27 Temmuz 2015 Pazartesi

Konuşmak / Deneme

Konuşmak

“Konuşmak, insanın aklını kullanma sanatıdır.” Platon


Konuşmak, bir şekilde iletişim kurmak, paylaşmak duyguları, düşünceleri anlatabilmek ve anlayabilmek söylenenleri… Hepimizin doğal ihtiyaçları bunlar. Sevgi diliyle olursa, saygı çerçevesindeyse, huzur veriyorsa, konuşmak ve dinlemek muhteşemdir. Neşe katar, umut verir, ilham olur hayata. Konuşabilmek güzeldir, bazen de sessizce anlatabilmek...Bir dokunuşla, bir tebessümle ya da bir bakışla... 

Kimi zaman da, sözler, itici ve tehlikelidir. Ya savaşırsınız onlarla ya da kaçarsınız, dinlemezsiniz, duymak istemezsiniz, algılayamazsınız o acıtan dili. O halde, susmak gerek bazen, dikenliyse sözler, kavgaya dönüşmeden...

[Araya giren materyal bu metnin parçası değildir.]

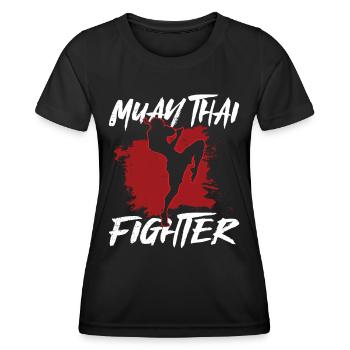 Muay Thai Kämpfer Kampf Kampfkunst Kampfsport - Frauen Funktions-T-Shirt - Schwarz - Vorne - AI Model Female 172 light (172cm)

Sözlü iletişimde seçilen sözcükler, ses tonuyla bütünleşen ifadeler, ne kadar önemli değil mi? Hepimiz biliriz de aldırış etmeyiz pek. Söyleniş biçiminin anlamı kadar değer taşıdığını görmezden geliriz. O halde, sözcükler kadar, söyleniş şeklidir de, onu sanat yapan. Bazen ‘canım’ demek isterken, ‘canın çıksın’ deriz adeta. Sihirlidir sanki bazı sözler, yürek okşar, sevindirir, umut aşılar. Bazı sözler de zehirlidir, acıtır, yakar, öldürür. Olacak işi olmaz eder. “Söz var iş bitirir; söz var baş yitirir.” diyor ya atalar, tam da o cinsten. Öyle sözler var ki, cinayet işletir; öyle sözler var ki, kendinden geçirir…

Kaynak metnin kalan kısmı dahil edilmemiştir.